The South Korean Government has announced plans to set up a $1.2bn fund for the shipping industry which is reeling under the effect of dwindling global trade.
The fund, which will help the shippers to transact vessels with less financial risks, aims to encourage acquisition of new vessels, as well as subsequent development and modernisation efforts.
Different state-run financial enterprises as well as policy lenders such as Korea Development Bank, Export-Import Bank of Korea, and Korea Trade Insurance Corporation, are roped in to extend their support to the government.
Korea Trade Insurance Corporation and the Korea Maritime Guarantee Insurance Corporation will offer financial security to the shipping companies which plan to buy or sell ships.

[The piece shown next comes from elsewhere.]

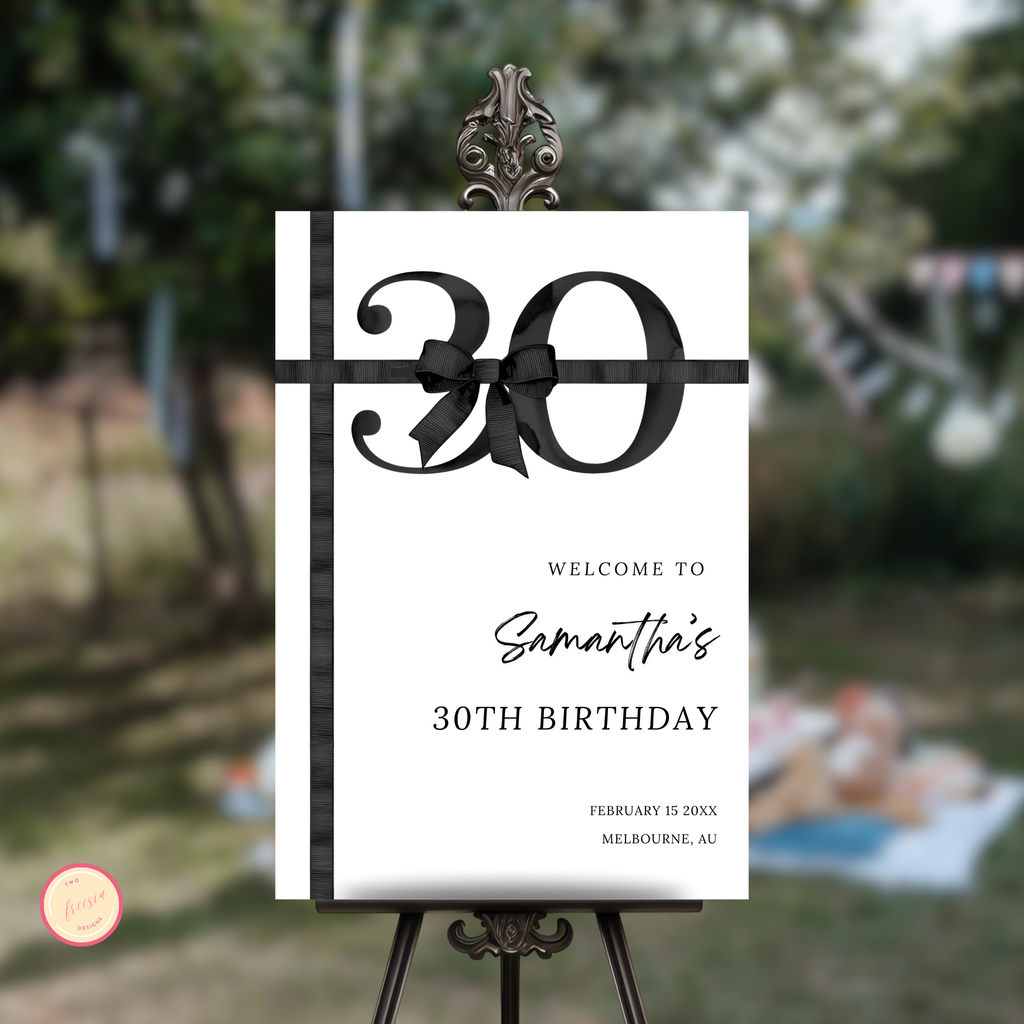 30th Birthday Welcome Sign - Black & White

The fund is expected to receive 50% of the required finances through senior bonds from commercial banks, 40% from state-run financial institutions’ subordinated bonds, and the remaining 10% will be covered by shipping companies.
Shipbuilding accounted for 6.9% of the country’s total exports last year, compared with 6.6% a year earlier.
Financial Services Commission secretary general Kim Yong-beom was quoted by MarineLink as saying: "The country’s leading shipping companies have taken various measures to restore their financial health, but the industry conditions have deteriorated more rapidly.
"The government is providing policy support that is necessary to help shipping companies strengthen their competitiveness while they continue to put their own efforts into easing liquidity crunch."